MATERIAL FOR THIS TASK section start

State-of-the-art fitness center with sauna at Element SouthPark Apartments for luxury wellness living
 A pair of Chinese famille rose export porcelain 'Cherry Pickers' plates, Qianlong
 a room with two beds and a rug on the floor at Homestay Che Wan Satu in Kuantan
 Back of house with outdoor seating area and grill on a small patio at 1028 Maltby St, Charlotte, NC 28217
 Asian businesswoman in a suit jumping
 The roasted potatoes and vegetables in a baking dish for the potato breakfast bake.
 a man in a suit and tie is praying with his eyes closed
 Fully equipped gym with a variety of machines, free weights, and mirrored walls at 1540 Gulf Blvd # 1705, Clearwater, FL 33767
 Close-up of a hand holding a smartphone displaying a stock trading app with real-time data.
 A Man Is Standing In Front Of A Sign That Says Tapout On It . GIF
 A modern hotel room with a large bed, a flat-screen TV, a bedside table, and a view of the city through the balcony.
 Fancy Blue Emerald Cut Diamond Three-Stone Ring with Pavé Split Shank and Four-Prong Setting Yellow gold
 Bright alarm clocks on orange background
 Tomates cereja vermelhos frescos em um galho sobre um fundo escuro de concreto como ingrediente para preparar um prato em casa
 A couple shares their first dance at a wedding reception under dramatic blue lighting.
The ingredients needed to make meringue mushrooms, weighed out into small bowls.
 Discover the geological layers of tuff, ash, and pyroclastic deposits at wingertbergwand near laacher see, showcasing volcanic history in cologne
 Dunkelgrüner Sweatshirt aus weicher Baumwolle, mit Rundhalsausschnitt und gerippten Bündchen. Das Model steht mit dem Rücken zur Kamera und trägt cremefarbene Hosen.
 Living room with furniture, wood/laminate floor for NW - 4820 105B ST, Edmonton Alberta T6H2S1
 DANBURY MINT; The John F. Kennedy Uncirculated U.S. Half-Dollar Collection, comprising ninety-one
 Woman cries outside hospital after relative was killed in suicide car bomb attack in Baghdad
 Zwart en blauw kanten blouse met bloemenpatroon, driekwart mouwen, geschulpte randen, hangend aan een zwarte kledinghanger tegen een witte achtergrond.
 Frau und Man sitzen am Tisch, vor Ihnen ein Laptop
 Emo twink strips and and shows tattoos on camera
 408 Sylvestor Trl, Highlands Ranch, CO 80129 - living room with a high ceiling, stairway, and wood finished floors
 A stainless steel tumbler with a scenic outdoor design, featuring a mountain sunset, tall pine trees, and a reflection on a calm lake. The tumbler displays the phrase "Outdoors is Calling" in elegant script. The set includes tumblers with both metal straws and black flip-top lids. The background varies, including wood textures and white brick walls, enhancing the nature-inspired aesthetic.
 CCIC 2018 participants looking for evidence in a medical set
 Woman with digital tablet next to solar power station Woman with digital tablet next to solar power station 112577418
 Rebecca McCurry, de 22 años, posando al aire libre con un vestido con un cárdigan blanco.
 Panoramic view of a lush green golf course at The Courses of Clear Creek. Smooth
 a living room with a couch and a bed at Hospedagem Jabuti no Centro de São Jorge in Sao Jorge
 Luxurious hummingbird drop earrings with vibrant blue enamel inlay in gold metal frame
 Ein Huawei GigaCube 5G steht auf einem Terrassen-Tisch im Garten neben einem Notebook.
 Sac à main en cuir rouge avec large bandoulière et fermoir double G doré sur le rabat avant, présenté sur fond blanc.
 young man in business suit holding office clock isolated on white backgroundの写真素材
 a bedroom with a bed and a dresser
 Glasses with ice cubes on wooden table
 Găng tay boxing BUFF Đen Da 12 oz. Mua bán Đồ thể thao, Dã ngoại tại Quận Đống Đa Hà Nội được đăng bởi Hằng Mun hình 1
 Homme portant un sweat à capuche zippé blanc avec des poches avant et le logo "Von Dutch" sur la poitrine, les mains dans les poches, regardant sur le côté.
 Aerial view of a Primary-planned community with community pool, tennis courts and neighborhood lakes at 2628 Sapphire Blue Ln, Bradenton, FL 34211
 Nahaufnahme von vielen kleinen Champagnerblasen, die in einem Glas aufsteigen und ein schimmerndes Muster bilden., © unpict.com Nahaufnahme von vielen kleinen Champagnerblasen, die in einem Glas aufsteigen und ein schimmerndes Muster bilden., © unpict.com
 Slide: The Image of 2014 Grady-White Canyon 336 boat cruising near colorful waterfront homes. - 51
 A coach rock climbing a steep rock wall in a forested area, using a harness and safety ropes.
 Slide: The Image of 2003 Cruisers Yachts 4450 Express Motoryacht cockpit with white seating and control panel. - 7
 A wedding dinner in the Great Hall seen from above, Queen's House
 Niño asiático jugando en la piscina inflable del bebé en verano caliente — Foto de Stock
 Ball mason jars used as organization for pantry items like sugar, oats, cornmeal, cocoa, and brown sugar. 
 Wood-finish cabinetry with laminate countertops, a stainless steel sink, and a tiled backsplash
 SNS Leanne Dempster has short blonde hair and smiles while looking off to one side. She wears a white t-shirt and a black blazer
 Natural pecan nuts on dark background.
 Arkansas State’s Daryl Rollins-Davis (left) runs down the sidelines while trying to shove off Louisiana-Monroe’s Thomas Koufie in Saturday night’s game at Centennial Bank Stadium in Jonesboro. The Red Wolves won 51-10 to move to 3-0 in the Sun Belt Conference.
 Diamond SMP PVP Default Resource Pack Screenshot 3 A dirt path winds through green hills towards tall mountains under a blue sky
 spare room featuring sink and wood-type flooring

MATERIAL FOR THIS TASK section end

The material must be written out again in full and without changes.

State-of-the-art fitness center with sauna at Element SouthPark Apartments for luxury wellness living
 A pair of Chinese famille rose export porcelain 'Cherry Pickers' plates, Qianlong
 a room with two beds and a rug on the floor at Homestay Che Wan Satu in Kuantan
 Back of house with outdoor seating area and grill on a small patio at 1028 Maltby St, Charlotte, NC 28217
 Asian businesswoman in a suit jumping
 The roasted potatoes and vegetables in a baking dish for the potato breakfast bake.
 a man in a suit and tie is praying with his eyes closed
 Fully equipped gym with a variety of machines, free weights, and mirrored walls at 1540 Gulf Blvd # 1705, Clearwater, FL 33767
 Close-up of a hand holding a smartphone displaying a stock trading app with real-time data.
 A Man Is Standing In Front Of A Sign That Says Tapout On It . GIF
 A modern hotel room with a large bed, a flat-screen TV, a bedside table, and a view of the city through the balcony.
 Fancy Blue Emerald Cut Diamond Three-Stone Ring with Pavé Split Shank and Four-Prong Setting Yellow gold
 Bright alarm clocks on orange background
 Tomates cereja vermelhos frescos em um galho sobre um fundo escuro de concreto como ingrediente para preparar um prato em casa
 A couple shares their first dance at a wedding reception under dramatic blue lighting.
The ingredients needed to make meringue mushrooms, weighed out into small bowls.
 Discover the geological layers of tuff, ash, and pyroclastic deposits at wingertbergwand near laacher see, showcasing volcanic history in cologne
 Dunkelgrüner Sweatshirt aus weicher Baumwolle, mit Rundhalsausschnitt und gerippten Bündchen. Das Model steht mit dem Rücken zur Kamera und trägt cremefarbene Hosen.
 Living room with furniture, wood/laminate floor for NW - 4820 105B ST, Edmonton Alberta T6H2S1
 DANBURY MINT; The John F. Kennedy Uncirculated U.S. Half-Dollar Collection, comprising ninety-one
 Woman cries outside hospital after relative was killed in suicide car bomb attack in Baghdad
 Zwart en blauw kanten blouse met bloemenpatroon, driekwart mouwen, geschulpte randen, hangend aan een zwarte kledinghanger tegen een witte achtergrond.
 Frau und Man sitzen am Tisch, vor Ihnen ein Laptop
 Emo twink strips and and shows tattoos on camera
 408 Sylvestor Trl, Highlands Ranch, CO 80129 - living room with a high ceiling, stairway, and wood finished floors
 A stainless steel tumbler with a scenic outdoor design, featuring a mountain sunset, tall pine trees, and a reflection on a calm lake. The tumbler displays the phrase "Outdoors is Calling" in elegant script. The set includes tumblers with both metal straws and black flip-top lids. The background varies, including wood textures and white brick walls, enhancing the nature-inspired aesthetic.
 CCIC 2018 participants looking for evidence in a medical set
 Woman with digital tablet next to solar power station Woman with digital tablet next to solar power station 112577418
 Rebecca McCurry, de 22 años, posando al aire libre con un vestido con un cárdigan blanco.
 Panoramic view of a lush green golf course at The Courses of Clear Creek. Smooth
 a living room with a couch and a bed at Hospedagem Jabuti no Centro de São Jorge in Sao Jorge
 Luxurious hummingbird drop earrings with vibrant blue enamel inlay in gold metal frame
 Ein Huawei GigaCube 5G steht auf einem Terrassen-Tisch im Garten neben einem Notebook.
 Sac à main en cuir rouge avec large bandoulière et fermoir double G doré sur le rabat avant, présenté sur fond blanc.
 young man in business suit holding office clock isolated on white backgroundの写真素材
 a bedroom with a bed and a dresser
 Glasses with ice cubes on wooden table
 Găng tay boxing BUFF Đen Da 12 oz. Mua bán Đồ thể thao, Dã ngoại tại Quận Đống Đa Hà Nội được đăng bởi Hằng Mun hình 1
 Homme portant un sweat à capuche zippé blanc avec des poches avant et le logo "Von Dutch" sur la poitrine, les mains dans les poches, regardant sur le côté.
 Aerial view of a Primary-planned community with community pool, tennis courts and neighborhood lakes at 2628 Sapphire Blue Ln, Bradenton, FL 34211
 Nahaufnahme von vielen kleinen Champagnerblasen, die in einem Glas aufsteigen und ein schimmerndes Muster bilden., © unpict.com Nahaufnahme von vielen kleinen Champagnerblasen, die in einem Glas aufsteigen und ein schimmerndes Muster bilden., © unpict.com
 Slide: The Image of 2014 Grady-White Canyon 336 boat cruising near colorful waterfront homes. - 51
 A coach rock climbing a steep rock wall in a forested area, using a harness and safety ropes.
 Slide: The Image of 2003 Cruisers Yachts 4450 Express Motoryacht cockpit with white seating and control panel. - 7
 A wedding dinner in the Great Hall seen from above, Queen's House
 Niño asiático jugando en la piscina inflable del bebé en verano caliente — Foto de Stock
 Ball mason jars used as organization for pantry items like sugar, oats, cornmeal, cocoa, and brown sugar. 
 Wood-finish cabinetry with laminate countertops, a stainless steel sink, and a tiled backsplash
 SNS Leanne Dempster has short blonde hair and smiles while looking off to one side. She wears a white t-shirt and a black blazer
 Natural pecan nuts on dark background.
 Arkansas State’s Daryl Rollins-Davis (left) runs down the sidelines while trying to shove off Louisiana-Monroe’s Thomas Koufie in Saturday night’s game at Centennial Bank Stadium in Jonesboro. The Red Wolves won 51-10 to move to 3-0 in the Sun Belt Conference.
 Diamond SMP PVP Default Resource Pack Screenshot 3 A dirt path winds through green hills towards tall mountains under a blue sky
 spare room featuring sink and wood-type flooring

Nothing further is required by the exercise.